Entre os aprendizados deste processo, destaco a preocupação em mensurar o impacto do trabalho jornalístico, em chegar a um número maior na audiência. Para isso, fizemos uma parceria com um grande portal de notícias brasileiro, o Uol para republicar algumas matérias da série. É preciso também ter um bom material da sua trajetória ou a do seu veículo para mostrar a seriedade do trabalho.
Fundamental ter rede de contato
Vagner de Alencar, diretor de jornalismo da Agência Mural, foi o único jornalista latino-americano escolhido para o Humphrey Fellowship, financiado pelo Departamento de Estado dos Estados Unidos. O programa oferece dez meses de estudos não-acadêmicos, experiências de aperfeiçoamento profissional, participação em seminários, encontros de networking e uma série de outras atividades com foco no desenvolvimento de carreira.
Ele conta que conhecia o programa há muito tempo, desde a época da faculdade, e percebeu que tinha chegado o momento certo de tentar uma aplicação. “Esses processos são muito exaustivos, então você tem que se preparar, porque há várias fases”, diz.
Alencar ressalta a importância de criar e cultivar uma rede de contatos, já que muitas dessas seleções pedem cartas de recomendação. "Ter uma boa carta de recomendação é valiosíssimo. Alguém que valide sua trajetória faz toda a diferença", diz.
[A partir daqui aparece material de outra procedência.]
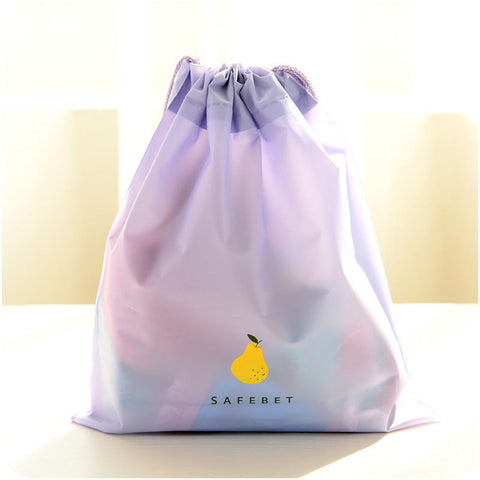 Waterproof Essentials Bag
Encontros online dos programas
Outro ponto essencial é reservar tempo para escrever uma boa aplicação e participar dos encontros online oferecidos pelos programas, que são importantes para tirar dúvidas. Qualquer detalhe fora dos requisitos pode ser motivo para a eliminação.
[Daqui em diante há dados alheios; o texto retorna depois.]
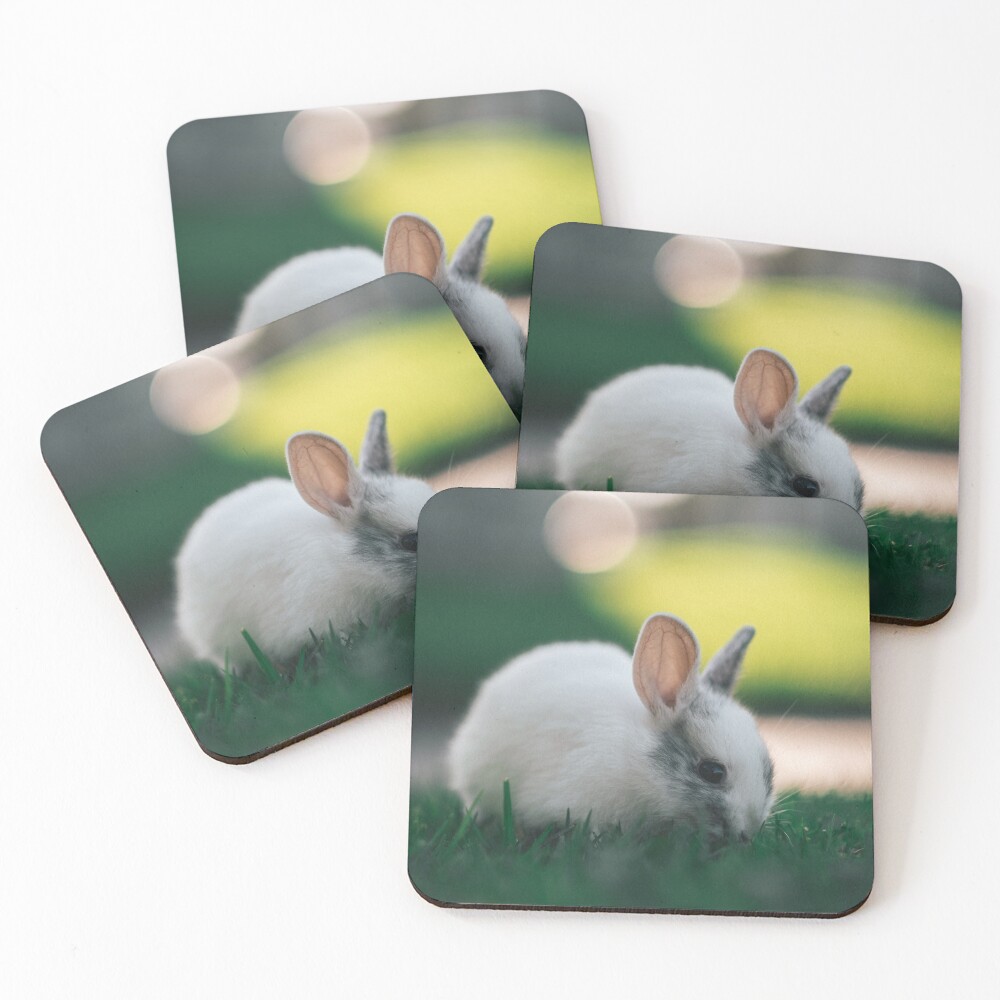 Item preview, Coasters (Set of 4) designed and sold by Dharsha.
Alencar diz que, depois da aprovação no processo, foi enviado para um curso intensivo de inglês em Champaign-Urbana, no estado de Illinois, antes de começar o programa propriamente - algo que não é comum nesses tipos de programa. “Eu sinto que ainda estou emergindo na cultura e me familiarizando mais com a língua. Então, é preciso ter um pouco de paciência, de calma, é tudo uma questão de entender seu tempo e não deixar que essas fragilidades te impeçam de aproveitar da melhor forma possível", explica ele.
Enfrentar e conquistar a língua estrangeira
Outra dica é não se deixar travar pela falta de fluência na língua estrangeira: "Esses dias, eu estava entrevistando como parte do programa, alguns jornalistas que trabalham com engajamento de audiência, que é o meu foco aqui, e já comecei o papo falando, ‘ó, desculpa, o inglês não é tão bom’, então, é isso, é entender essas vulnerabilidades e trabalhar com isso”, diz Alencar.
Filipe Speck, diretor de produto e negócios da Matinal Jornalismo, participou de diversos programas internacionais de formação, mas destaca o Emerging Media Leaders, do International Center for Journalists (ICFJ), como o mais importante de sua carreira até agora. O programa ofereceu a ele a oportunidade de trabalhar durante um mês na redação do jornal KUT, em Austin, nos Estados Unidos, produzindo matérias, podcasts e vídeos para uma audiência internacional.
Para o jornalista, o maior desafio na aplicação foi encontrar o ponto de virada em sua trajetória e comunicar claramente por que aquele era o momento certo para participar. "Trajetória e currículo são importantes, mas é fundamental mostrar que o programa vai trazer uma inflexão na sua carreira, impactando o seu trabalho dali para frente”, diz.
Ao imergir em uma redação de um país com uma realidade completamente diferente, Speck pôde repensar todas as etapas da produção jornalística. "Lidar com problemas semelhantes aos nossos em outro contexto nos faz refletir sobre o que fazemos e por que fazemos jornalismo”. E ele mantém contato com colegas do intercâmbio até hoje. “Sempre que preciso, troco e-mails, compartilho ideias e recebo feedbacks". Graças a oportunidade que teve, a rede de contatos dele pode se expandir internacionalmente.